## **Data preparation for election RAG app**

The following notebook was used to create the chroma database used during the workshop. Please note that it wasn't part of the workshop and we added it for people who are interested in creating their own database with different data. Data used for creating this db are scraped wikipedia articles stored in `./data/scrape-january-2024`

In [None]:
import os
import re

import pandas as pd
from langchain_community.document_loaders.dataframe import DataFrameLoader
from langchain_community.vectorstores import Chroma
from langchain_openai import AzureOpenAIEmbeddings
from loguru import logger
from openai import AzureOpenAI

**Functions**

In [None]:
def remove_edit_button(input: str) -> str:
    return re.sub(r"\[edit <[^]]+>\]", "", input)

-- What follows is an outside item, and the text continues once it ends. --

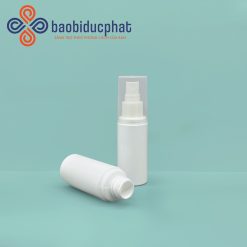 THANH LÝ, XẢ KHO Chai nhựa PET 50ml trắng sứ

def remove_cite_nodes(input: str) -> str:
    return re.sub(r"\^\[\d+\]", "", input)


def remove_references(input: str) -> str:
    return re.sub(r"\s*References\s*([\s\S]*)", "", input)


def remove_wiki_links(input: str) -> str:
    return re.sub(r"<[^>]*>", "", input)


def slice_data(input: str) -> pd.DataFrame:
    """Slices the data into a dataframe where rows are chronological and have specified
    type"""
    slices = input.split("\n\n")

    d = []
    for i, slice in enumerate(slices):
        if i == 0:
            d.append({"type": "article_name", "text": slice, "len": len(slice)})
        elif slice[:7] == "\n      ":
            d.append({"type": "subchapter", "text": slice, "len": len(slice)})
        elif slice[:5] == "\n    ":
            d.append({"type": "chapter", "text": slice, "len": len(slice)})
        else:
            d.append({"type": "text", "text": slice, "len": len(slice)})
    return pd.DataFrame(d)


def prepare_sections(df: pd.DataFrame) -> pd.DataFrame:
    """Takes the dataframe of ordered article and splits it into final sections"""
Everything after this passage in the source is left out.